By Jeremy Seal
“Meander” is a travel guidebook that has everything –historical background, colorful local folk, cultural perspective, captivating description, beautiful writing – and yet lacks certain expected elements; it contains no hotel rates, no shopping guides, no airline schedules, and no tips for tourists. It is a journey without frills down the Meander River in Turkey from its beginnings as an underwater spring in central Turkey to its mouth on the Aegean Sea. The Meander is so winding that it looks like a squiggle on the map; hence,the river’s name denotes wandering, drifting and digression. Jeremy Seal, the main character, travels alone on foot or by inflatable red canoe, relying for lodging on whatever accommodations are available in the villages along the river.
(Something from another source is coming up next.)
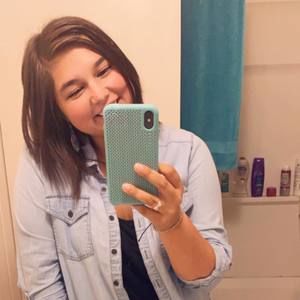 Meet your Posher, Lacey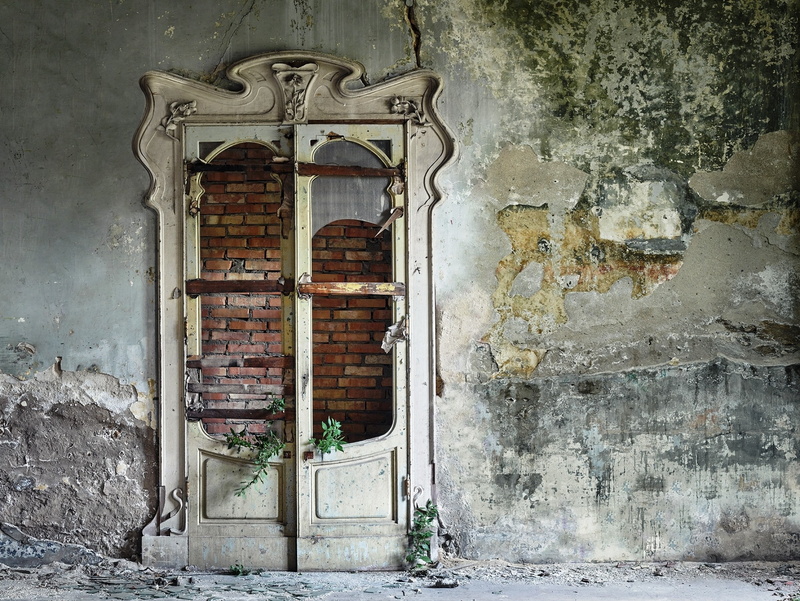 entrance, architecture, no people, 1080P, wall, door, deterioration, old, run-down, day, wall - building feature, built structure, brick, outdoors, building exterior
Among those he encounters are the suspicious ironmonger who nearly refuses to sell him a trowel out of fear that he will loot the country of its archeological treasures, Mehmet, author of a local history and bored defense lawyer eager to offer advice and direction, Turgay, a parsley nibbling diabetic who generously gives him a going away gift of baklava, Ahmet, an agricultural consultant who tells him of struggles between the secularists and the Islamists, and the waiter who served him dinner, helping himself to some of it as he did, not out of boorishness, but as a deliberate insult.
Jeremy Seal’s humility and humor allow him to be a keen and kind observer of the people he meets and the environment they inhabit. His open intelligence guides him through the unfamiliar; his romantic side fills a jar with water at the beginning of the trip to be carried along and poured into the Aegean at the end. Seal’s journey down the Meander is an exploration of the essence of Turkey itself, of a modern country emerging out of a very old one. Chapter Notes and the Bibliography provide direction for those readers who want to know more.